An avid reader who recalls the first lecture may observe that security with abort, which is what is being achieved here, is weaker than the guaranteed output delivery (G.O.D.) property that was promised in the setting where *t<n/3*. Recall that G.O.D. means that, no matter how badly the adversary deviates from the protocol, the parties are always guaranteed to obtain the final correct output. Although it’s true that in the case of* t<n/3*, G.O.D. can be achieved, it is not precisely trivial and it requires clever ideas to be able to detect cheaters given that error correction does not work out of the box. A prominent technique to achieve this involves a framework known as *player elimination*, which involves resolving accusations among the parties so that corrupt parties can be (partially) identified. I know this doesn’t tell you much, and this is deliberate: It is not my intention to consider G.O.D. in these lectures. I would like to refer you to the excellent work of Zuzana Beerliová-Trubíniová and Martin Hirt from TCC 2008, *Perfectly-Secure MPC with Linear Communication Complexity*.

# Offline Phase

So far I have been assuming that the parties had a supply of pairs *([r],<r>)*, where *r* is random and unknown to any party. These are independent of the parties’ inputs, and can be computed with enough time in advance before the computation itself begins. The following method I will discuss to precompute these pairs comes from the paper cited above. It makes used of a special type of matrices, which the authors call hyper-invertible matrices, to convert pairs generated locally by each party into general random pairs that can be used for the computation. I discussed a similar construction in the 4th lecture for the honest majority setting, but this was with passive security only.
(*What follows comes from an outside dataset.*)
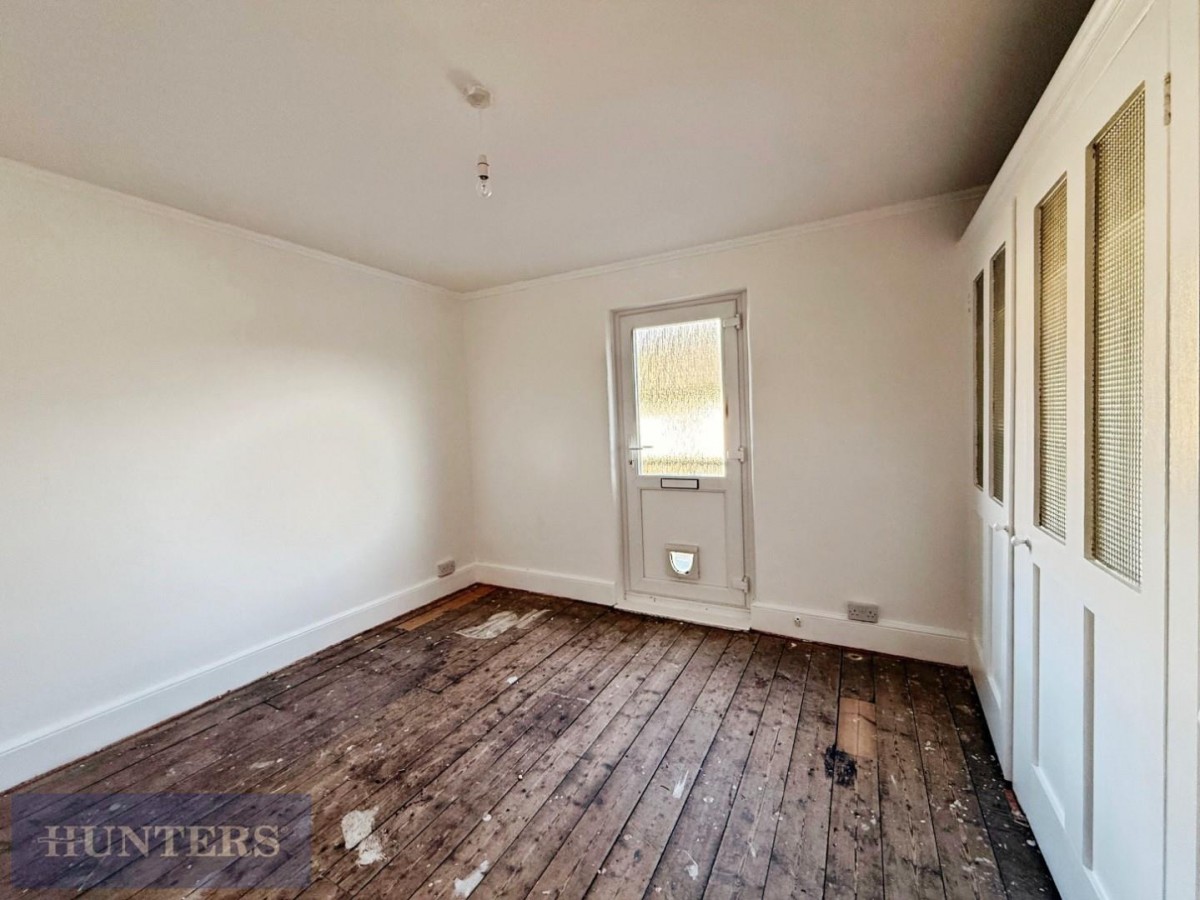 Alston Terrace, Exmouth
## Hyper-Invertible Matrices

A matrix is hyper-invertible is every non-trivial square sub-matrix is invertible. The most useful consequence of this property for our purposes is the following: Consider a *n*-times-*n* hyper-invertible matrix *M*, and let *x* and *y* be *n*-dimensional vectors such that *y=Mx*. Choose any p entries of *x*, and any *q* entries of *y*, with *p+q=n*. Then, there exists a 1–1 mapping between these entries, and the remaining entries of each of *x* and *y*. To illustrate why this holds, assume that *n* is even and that *p=q=n/2*, and that the selected entries of *x *are the first *n/2* and these of *y* are the last *n/2*. We can partition M in four *n/2*-times-*n/2* blocks *M11, M12, M21, M22*. This way, if we split *x* by half as *(x1,x2)* and *y* as *(y1,y2)*, then it holds that

Since *M* is hyper-invertible, the submatrices *M11 *and *M22* are invertible. It is left as an exercise to show that this, together with the equations above, shows that any choice of the selected entries *(x1,y2)* can be mapped in a 1–1 manner to the entries *(x2,y1)*.
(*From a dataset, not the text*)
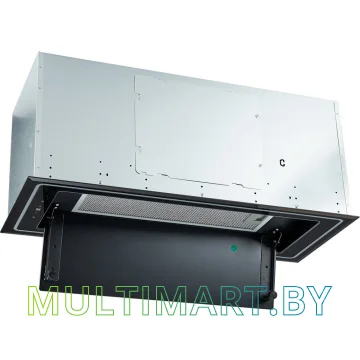 Вытяжка Exiteq EX-1289 (черный) картинка 5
Hyper-invertible matrices do exist, and here is an example of one, whose properties you are encouraged to verify: Let the *i,j* entry be given by

where the *b*’s and *a*’s are all just different values in the given field. The reason why this yields a hyper-invertible matrix is related to the fact that these entries form *Lagrange interpolation coefficients*, which provide an alternative view to the interpolation theorems I discussed in the lecture about Shamir secret-sharing.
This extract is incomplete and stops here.